■ **Exercise description**
Please repeat, exactly as written, every line from the one containing "DODGE AVENGER 2014 1c3cdzab9en195777" through the last line of the records, both included, and leave out any pictures.

■ **Data for processing**
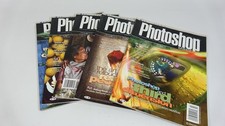 5 - 2010 Photoshop User Magazines - Jan/Feb - March - May - June - July/August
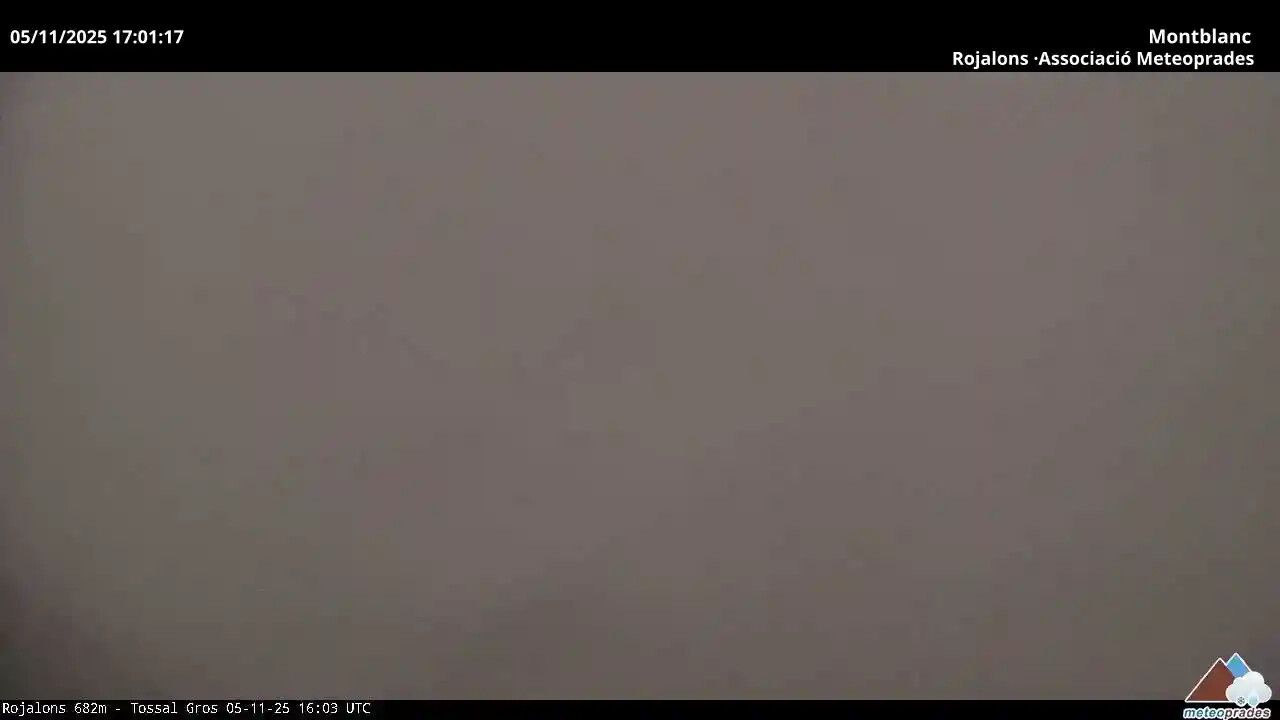 Traffic Cam Montblanc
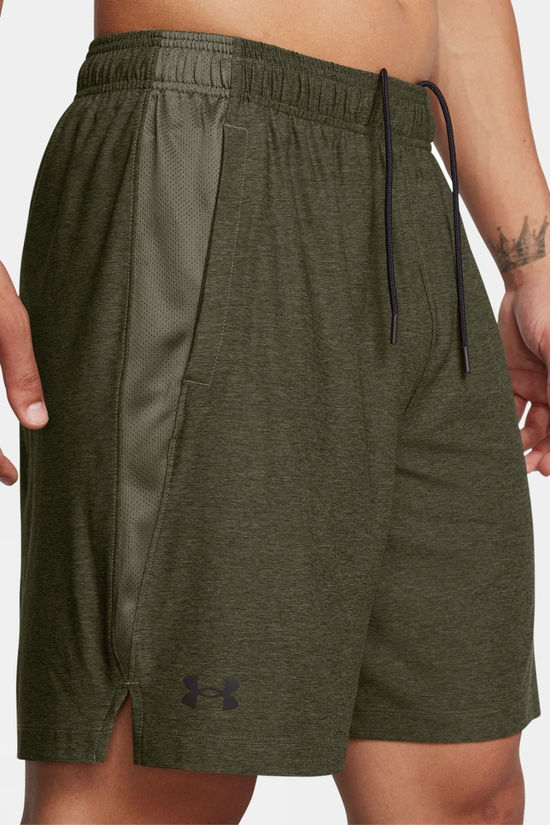 Under Armour Mens UA Tech Vent Shorts Marine Od Green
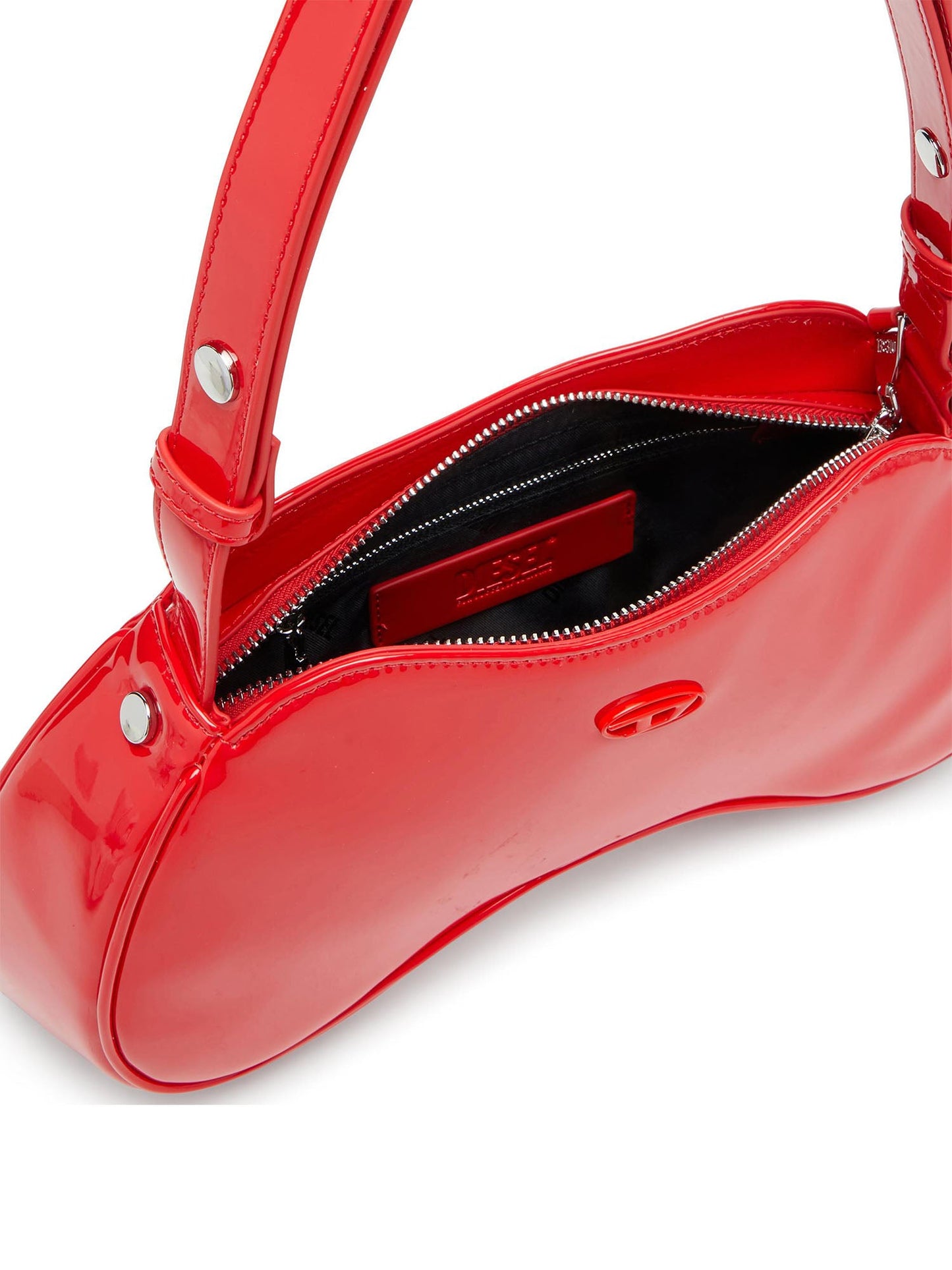 Diesel Borsa PLAY CROSS BODYBAG Diesel Rosso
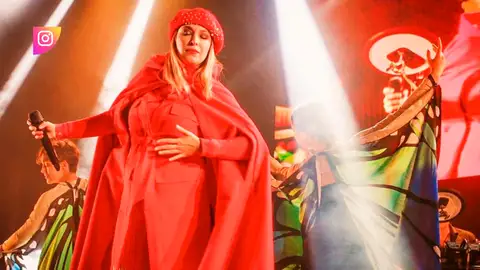 Gisela vuelve a los escenarios tras el susto que la obligó a ingresar varios días en el hospital Gisela vuelve a los escenarios tras el susto que la obligó a ingresar varios días en el hospital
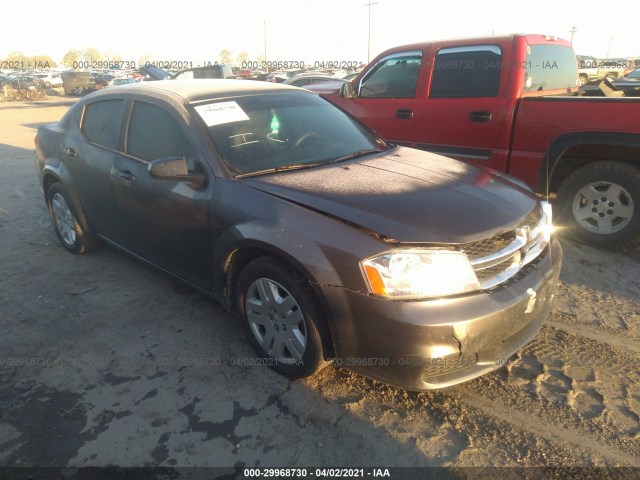 DODGE AVENGER 2014 1c3cdzab9en195777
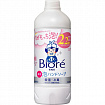 Пенное мыло для рук KAO Biore U Foaming Hand Soap Fruit Aroma, с антибактериальным эффектом и ароматом фруктов, сменная упаковка, 450 мл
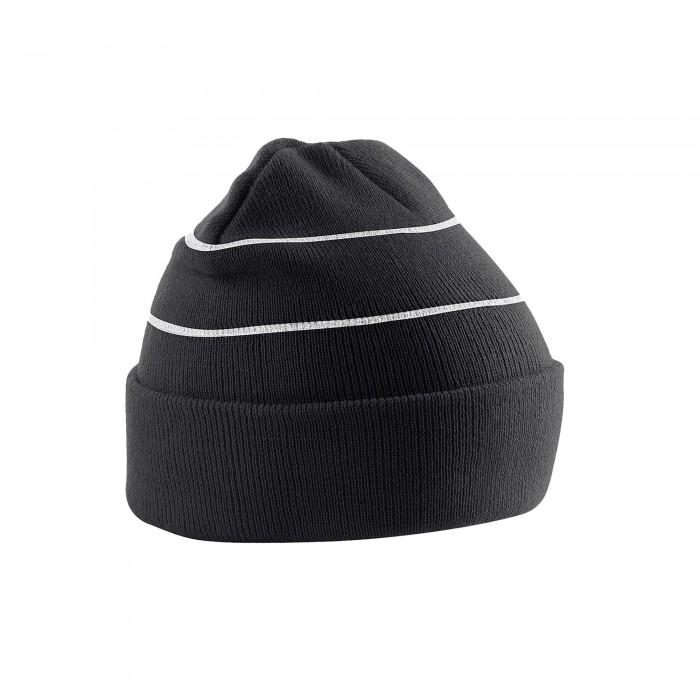 Unisex Adult Knitted High-Vis Beanie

■ **Solution**
 DODGE AVENGER 2014 1c3cdzab9en195777
 Пенное мыло для рук KAO Biore U Foaming Hand Soap Fruit Aroma, с антибактериальным эффектом и ароматом фруктов, сменная упаковка, 450 мл
 Unisex Adult Knitted High-Vis Beanie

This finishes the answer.